Of the big three, Google Gemini has the friendliest on-ramp: an API key from Google AI Studio, not the full Google Cloud OAuth dance. But its request shape is the odd one out — the model lives in the URL, not the body — and there’s a 2026 rule that quietly 403s brand-new keys. Here’s how to verify a Gemini key and send your first request cleanly.

I built a free tool, API Studio, to make this a two-second job: paste your key, click Verify, done. The key is saved only in your browser; running a request relays it once through a stateless proxy that stores nothing and logs nothing.
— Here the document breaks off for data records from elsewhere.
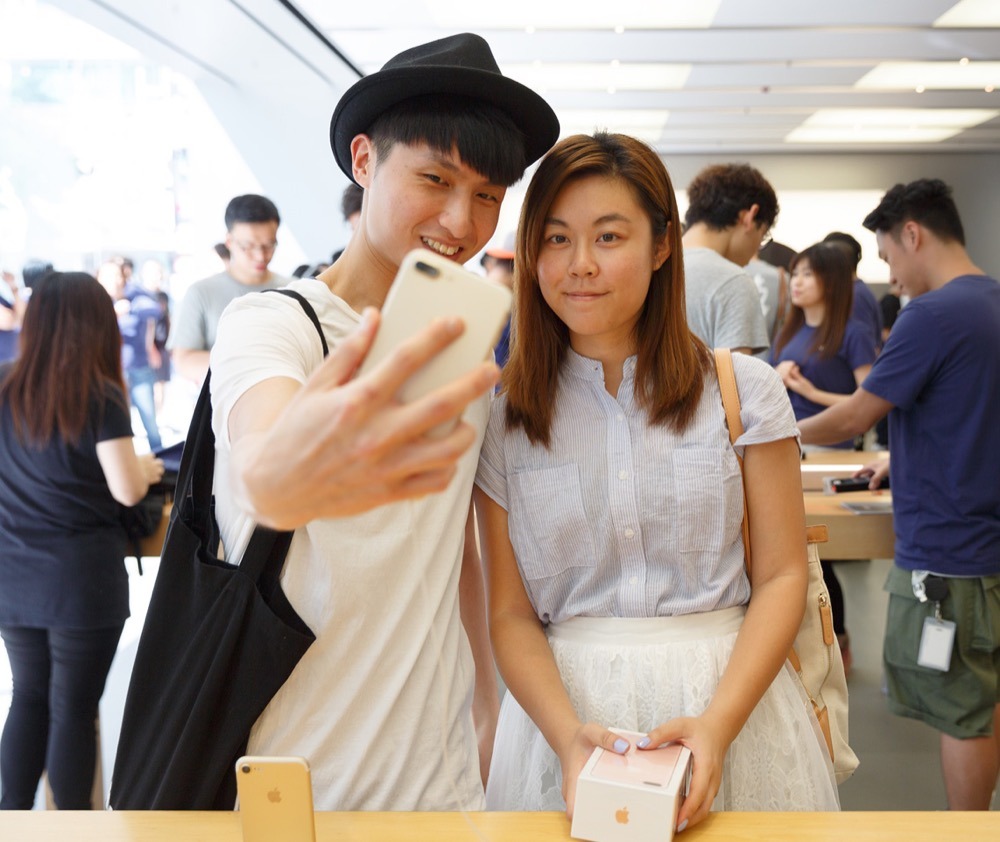 A decade ago at Apple Causeway Bay, Hong Kong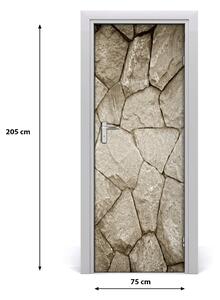 Ajtóposzter öntapadós Kő fal 75x205 cm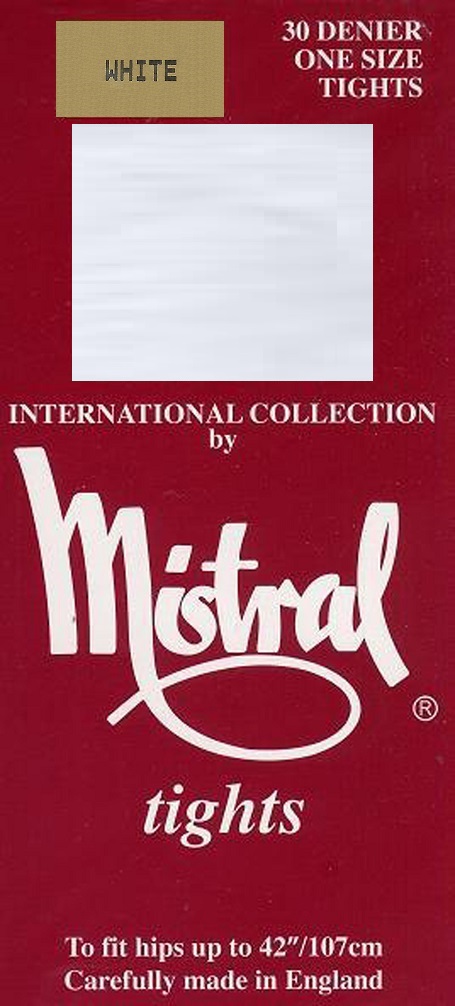 Mistral Tights one size in White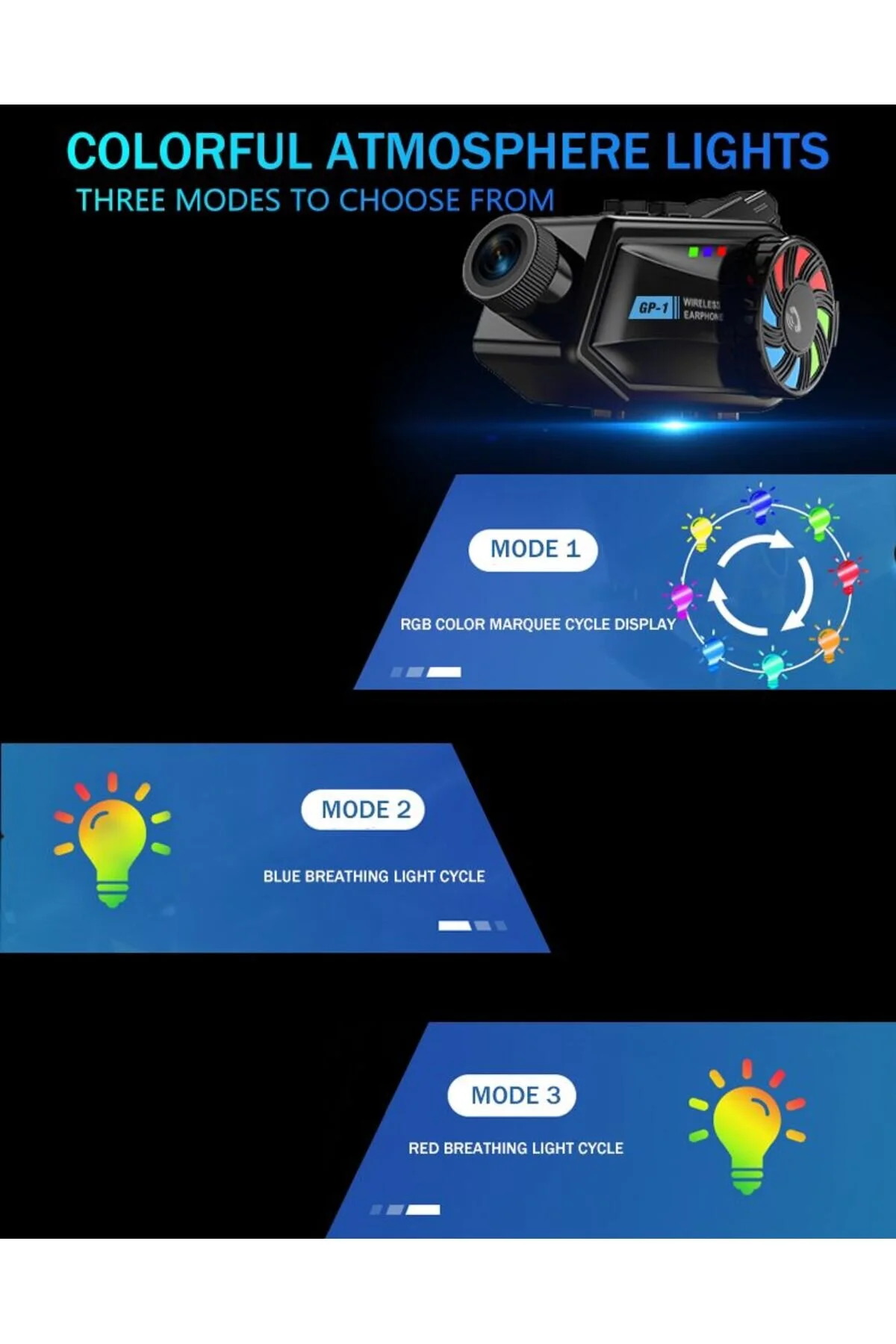 Dynego Intercom Kameralı Motosiklet Bluetooth Kask Kulaklık Ses Kontrolü 1080p Video Kayıt Videolu Interkom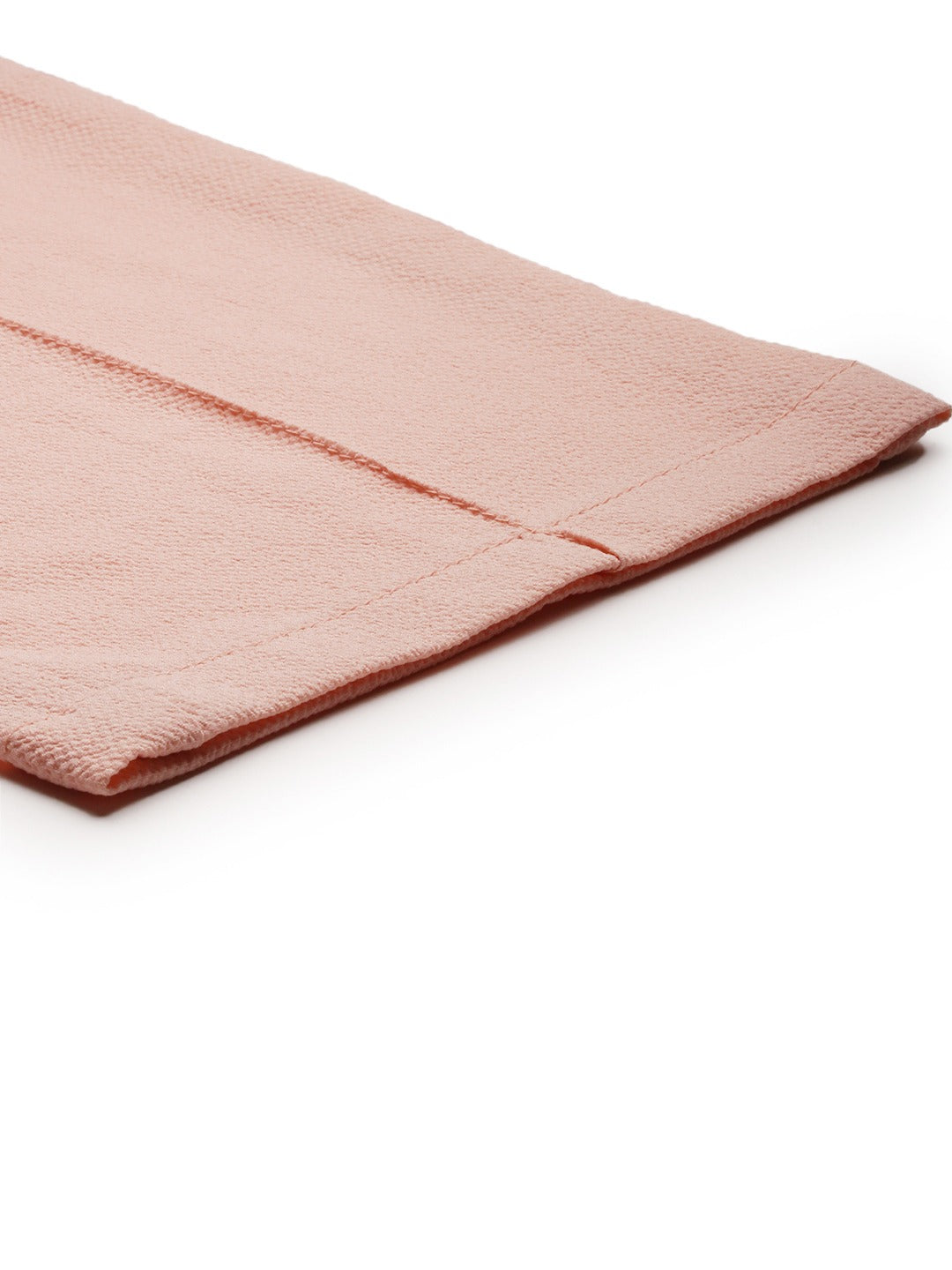 Pink Tapered Fit Solid Peg Trousers
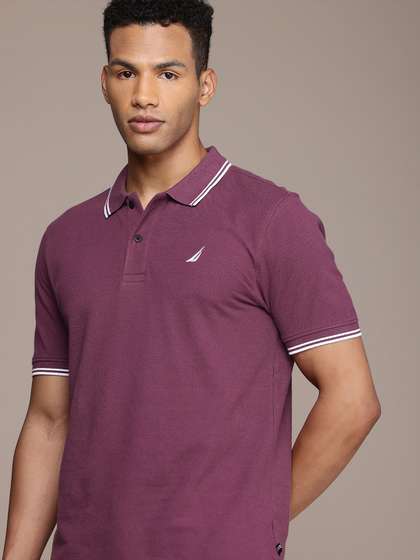 Nautica Polo Collar
                        Pure Cotton T-shirt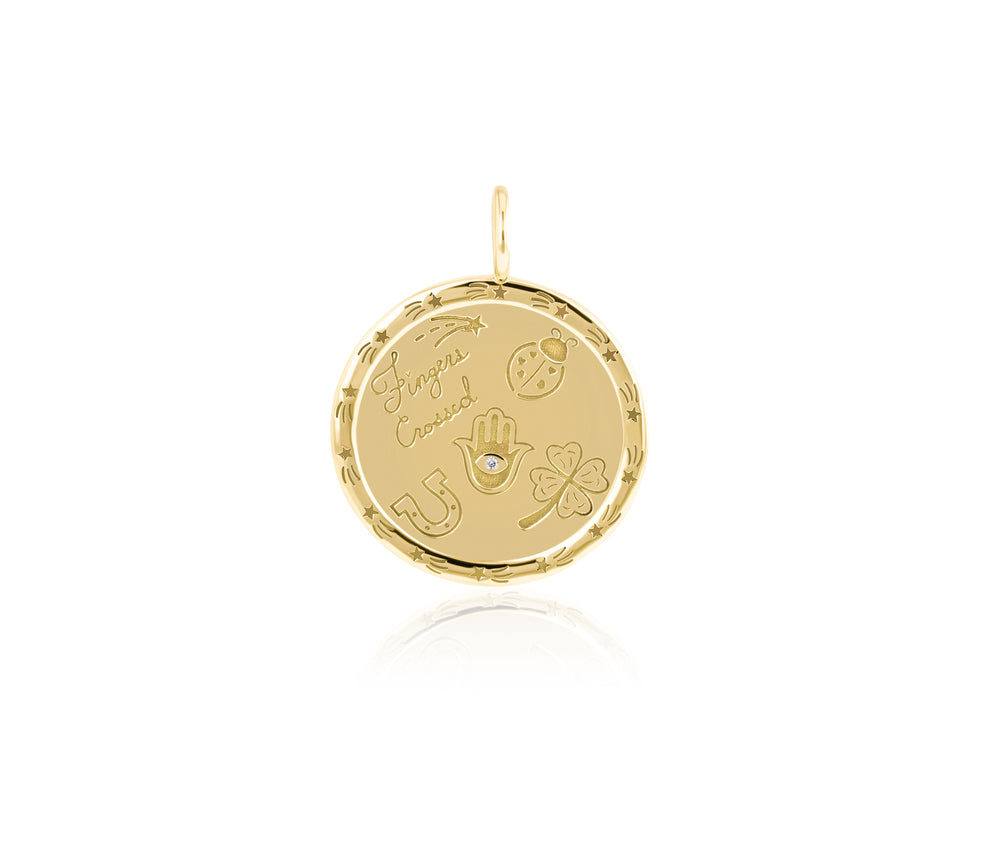 Fortune Favors the Bold Love Languages Pendant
Get the key from AI Studio, not Cloud Console

The simple key — the one that starts with AIza — comes from Google AI Studio, not the heavier Google Cloud project flow. (That simpler endpoint, generativelanguage.googleapis.com, is the Gemini Developer API, distinct from Vertex AI, which does use full GCP auth.) Create one, and you can call the API immediately on the free tier.

Verify the key: list the models

curl https://generativelanguage.googleapis.com/v1beta/models \
  -H "x-goog-api-key: $GEMINI_API_KEY"

A 200 lists every model your key can call (and which methods each supports, like generateContent). A 400/403 means the key is bad — or unrestricted (see below). In API Studio this is the Verify key button.

Put the key in the x-goog-api-key header, not the ?key= query string. Both work, but the header keeps your key out of URLs, server logs, and referrer headers — a small habit that saves you from leaking a key into a log file later.

The 2026 gotcha: restrict your key

As of mid-2026, Google can reject requests from fully-unrestricted standard API keys. If verify comes back 403 on a key you know is real, this is the most likely reason: open the key in AI Studio and add an API restriction (limit it to the Generative Language API, and ideally an app/referrer). Then it works.

Sending your first request

Gemini’s shape is distinct from the OpenAI/Anthropic one. The model goes in the URL path as …/models/<model>:generateContent, and the prompt is nested under contents[].parts[]:

curl "https://generativelanguage.googleapis.com/v1beta/models/gemini-2.5-flash:generateContent" \
  -H "x-goog-api-key: $GEMINI_API_KEY" \
  -H "Content-Type: application/json" \
  -d '{
    "contents": [{ "parts": [{ "text": "In one short sentence, say hello." }] }],
    "generationConfig": { "maxOutputTokens": 64 }
  }'

A few shape notes that catch people:

  • The reply text is at candidates[0].content.parts[0].text — not choices or content blocks.
  • The output cap is generationConfig.maxOutputTokens, not max_tokens.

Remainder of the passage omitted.